┏━━
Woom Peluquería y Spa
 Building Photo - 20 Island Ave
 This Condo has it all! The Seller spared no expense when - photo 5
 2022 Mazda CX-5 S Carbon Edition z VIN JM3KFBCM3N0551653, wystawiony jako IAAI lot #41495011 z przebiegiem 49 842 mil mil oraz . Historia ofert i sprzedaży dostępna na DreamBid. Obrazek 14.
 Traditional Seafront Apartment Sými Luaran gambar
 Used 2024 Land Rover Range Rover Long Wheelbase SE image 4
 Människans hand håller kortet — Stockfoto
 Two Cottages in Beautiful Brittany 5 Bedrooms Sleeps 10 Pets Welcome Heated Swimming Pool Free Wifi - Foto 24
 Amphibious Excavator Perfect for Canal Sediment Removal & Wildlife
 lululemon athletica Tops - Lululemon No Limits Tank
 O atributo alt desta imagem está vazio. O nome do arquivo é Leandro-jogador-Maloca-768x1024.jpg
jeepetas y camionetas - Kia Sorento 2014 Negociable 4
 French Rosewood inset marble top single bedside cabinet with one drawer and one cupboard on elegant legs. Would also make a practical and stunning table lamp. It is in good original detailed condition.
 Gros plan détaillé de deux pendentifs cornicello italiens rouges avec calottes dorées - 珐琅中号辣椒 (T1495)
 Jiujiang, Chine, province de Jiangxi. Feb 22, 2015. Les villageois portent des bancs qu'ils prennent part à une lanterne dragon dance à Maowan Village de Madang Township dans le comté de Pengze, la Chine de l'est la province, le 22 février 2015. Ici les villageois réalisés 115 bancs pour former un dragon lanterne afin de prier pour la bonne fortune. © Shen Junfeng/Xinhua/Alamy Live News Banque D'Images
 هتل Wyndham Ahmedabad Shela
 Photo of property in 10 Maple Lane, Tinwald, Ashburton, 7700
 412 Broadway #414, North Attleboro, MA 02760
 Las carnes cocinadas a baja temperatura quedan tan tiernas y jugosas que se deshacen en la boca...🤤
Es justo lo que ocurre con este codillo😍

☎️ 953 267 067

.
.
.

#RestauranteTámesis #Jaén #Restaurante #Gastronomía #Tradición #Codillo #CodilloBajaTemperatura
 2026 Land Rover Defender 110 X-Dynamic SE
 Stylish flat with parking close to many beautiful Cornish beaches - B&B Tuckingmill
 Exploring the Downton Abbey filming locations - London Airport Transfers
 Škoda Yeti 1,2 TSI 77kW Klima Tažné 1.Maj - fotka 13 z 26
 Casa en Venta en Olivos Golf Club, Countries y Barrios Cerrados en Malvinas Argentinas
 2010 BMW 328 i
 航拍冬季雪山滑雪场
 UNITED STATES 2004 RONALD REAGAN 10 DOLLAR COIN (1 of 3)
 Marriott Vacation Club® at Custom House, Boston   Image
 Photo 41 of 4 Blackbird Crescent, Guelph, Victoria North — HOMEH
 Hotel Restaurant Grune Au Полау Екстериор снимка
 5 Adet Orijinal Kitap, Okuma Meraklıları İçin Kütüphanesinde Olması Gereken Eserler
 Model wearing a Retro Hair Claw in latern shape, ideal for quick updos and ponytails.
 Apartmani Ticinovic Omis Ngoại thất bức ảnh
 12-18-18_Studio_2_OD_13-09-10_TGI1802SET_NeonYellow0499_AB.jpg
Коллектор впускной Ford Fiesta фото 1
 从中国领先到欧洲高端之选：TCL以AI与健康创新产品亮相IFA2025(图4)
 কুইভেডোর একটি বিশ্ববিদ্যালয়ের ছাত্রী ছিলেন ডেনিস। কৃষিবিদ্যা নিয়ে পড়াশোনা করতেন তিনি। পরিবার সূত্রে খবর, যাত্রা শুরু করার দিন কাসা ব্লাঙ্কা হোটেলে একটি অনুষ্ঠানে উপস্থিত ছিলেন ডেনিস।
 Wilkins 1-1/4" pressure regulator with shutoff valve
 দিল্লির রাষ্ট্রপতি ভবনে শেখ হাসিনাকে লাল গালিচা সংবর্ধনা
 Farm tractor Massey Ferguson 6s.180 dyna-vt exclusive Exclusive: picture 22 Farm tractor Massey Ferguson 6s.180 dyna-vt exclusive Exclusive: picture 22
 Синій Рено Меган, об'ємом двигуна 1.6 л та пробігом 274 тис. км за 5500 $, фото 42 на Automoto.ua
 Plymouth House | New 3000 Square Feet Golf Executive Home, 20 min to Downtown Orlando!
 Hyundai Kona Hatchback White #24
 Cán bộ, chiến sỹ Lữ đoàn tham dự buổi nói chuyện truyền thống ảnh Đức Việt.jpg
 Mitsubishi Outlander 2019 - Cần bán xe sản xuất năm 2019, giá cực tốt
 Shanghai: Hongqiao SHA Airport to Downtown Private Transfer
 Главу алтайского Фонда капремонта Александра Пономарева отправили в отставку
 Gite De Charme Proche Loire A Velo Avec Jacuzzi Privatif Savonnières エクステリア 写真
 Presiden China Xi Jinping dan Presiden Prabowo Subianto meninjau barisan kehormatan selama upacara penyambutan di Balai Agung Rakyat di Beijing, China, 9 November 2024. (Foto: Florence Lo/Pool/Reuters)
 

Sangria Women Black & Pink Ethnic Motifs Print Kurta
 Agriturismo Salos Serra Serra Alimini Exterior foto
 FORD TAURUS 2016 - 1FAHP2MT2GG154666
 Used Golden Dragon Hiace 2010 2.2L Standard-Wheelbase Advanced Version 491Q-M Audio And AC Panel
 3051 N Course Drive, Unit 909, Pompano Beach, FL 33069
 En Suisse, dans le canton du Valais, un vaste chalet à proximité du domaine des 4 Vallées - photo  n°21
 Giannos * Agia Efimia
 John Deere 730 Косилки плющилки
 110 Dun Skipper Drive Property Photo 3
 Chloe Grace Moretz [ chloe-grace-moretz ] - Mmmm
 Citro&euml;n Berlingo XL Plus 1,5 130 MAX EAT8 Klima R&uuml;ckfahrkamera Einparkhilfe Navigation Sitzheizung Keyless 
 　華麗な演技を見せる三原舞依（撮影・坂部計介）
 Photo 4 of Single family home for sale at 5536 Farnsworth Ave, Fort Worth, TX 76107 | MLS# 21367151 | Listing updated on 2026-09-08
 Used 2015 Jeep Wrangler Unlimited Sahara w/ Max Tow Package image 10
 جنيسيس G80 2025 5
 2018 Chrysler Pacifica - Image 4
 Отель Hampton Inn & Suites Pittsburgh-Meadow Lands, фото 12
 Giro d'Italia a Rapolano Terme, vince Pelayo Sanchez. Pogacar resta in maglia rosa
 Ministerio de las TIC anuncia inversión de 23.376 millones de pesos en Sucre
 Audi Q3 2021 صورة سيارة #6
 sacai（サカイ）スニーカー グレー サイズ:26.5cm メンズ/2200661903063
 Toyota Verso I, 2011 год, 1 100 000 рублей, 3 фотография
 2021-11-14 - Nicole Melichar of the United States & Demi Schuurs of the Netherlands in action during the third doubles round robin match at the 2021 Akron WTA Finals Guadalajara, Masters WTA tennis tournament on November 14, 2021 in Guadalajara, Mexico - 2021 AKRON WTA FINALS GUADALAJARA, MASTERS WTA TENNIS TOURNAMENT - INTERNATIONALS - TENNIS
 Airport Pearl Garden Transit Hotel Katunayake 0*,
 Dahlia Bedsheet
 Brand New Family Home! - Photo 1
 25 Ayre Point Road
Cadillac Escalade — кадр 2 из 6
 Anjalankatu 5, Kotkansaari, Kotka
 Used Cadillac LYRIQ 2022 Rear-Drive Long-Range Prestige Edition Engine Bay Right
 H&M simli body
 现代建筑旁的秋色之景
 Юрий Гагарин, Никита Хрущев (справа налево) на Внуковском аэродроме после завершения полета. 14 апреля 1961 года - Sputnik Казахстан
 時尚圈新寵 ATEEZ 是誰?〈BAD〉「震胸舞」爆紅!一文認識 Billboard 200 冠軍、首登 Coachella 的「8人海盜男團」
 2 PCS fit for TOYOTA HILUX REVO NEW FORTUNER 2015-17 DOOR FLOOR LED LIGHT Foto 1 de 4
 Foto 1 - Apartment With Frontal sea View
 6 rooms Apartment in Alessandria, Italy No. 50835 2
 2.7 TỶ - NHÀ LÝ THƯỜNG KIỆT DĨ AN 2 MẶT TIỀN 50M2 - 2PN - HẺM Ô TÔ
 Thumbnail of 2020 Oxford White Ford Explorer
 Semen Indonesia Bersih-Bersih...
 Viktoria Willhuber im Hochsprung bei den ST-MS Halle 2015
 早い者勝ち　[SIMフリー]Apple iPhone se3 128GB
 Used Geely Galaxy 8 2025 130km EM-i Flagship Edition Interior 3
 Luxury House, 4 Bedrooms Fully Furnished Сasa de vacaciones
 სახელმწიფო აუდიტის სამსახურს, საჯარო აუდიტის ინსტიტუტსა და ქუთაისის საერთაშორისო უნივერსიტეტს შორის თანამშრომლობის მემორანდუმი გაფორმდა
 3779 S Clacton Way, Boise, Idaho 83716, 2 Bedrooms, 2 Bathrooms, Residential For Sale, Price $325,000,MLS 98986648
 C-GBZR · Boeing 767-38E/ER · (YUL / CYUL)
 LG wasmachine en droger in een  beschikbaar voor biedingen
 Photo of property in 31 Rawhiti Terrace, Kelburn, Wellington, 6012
┗━━
* _Task to complete_:
As listed above, the lines from the line with "Casa en Venta" to the line with "12-18-18_Studio_2_OD_13-09-10_TGI1802SET_NeonYellow0499_AB.jpg" are to be echoed exactly, with both ends included and nothing added.

* _Your solution_:
 Casa en Venta en Olivos Golf Club, Countries y Barrios Cerrados en Malvinas Argentinas
 2010 BMW 328 i
 航拍冬季雪山滑雪场
 UNITED STATES 2004 RONALD REAGAN 10 DOLLAR COIN (1 of 3)
 Marriott Vacation Club® at Custom House, Boston   Image
 Photo 41 of 4 Blackbird Crescent, Guelph, Victoria North — HOMEH
 Hotel Restaurant Grune Au Полау Екстериор снимка
 5 Adet Orijinal Kitap, Okuma Meraklıları İçin Kütüphanesinde Olması Gereken Eserler
 Model wearing a Retro Hair Claw in latern shape, ideal for quick updos and ponytails.
 Apartmani Ticinovic Omis Ngoại thất bức ảnh
 12-18-18_Studio_2_OD_13-09-10_TGI1802SET_NeonYellow0499_AB.jpg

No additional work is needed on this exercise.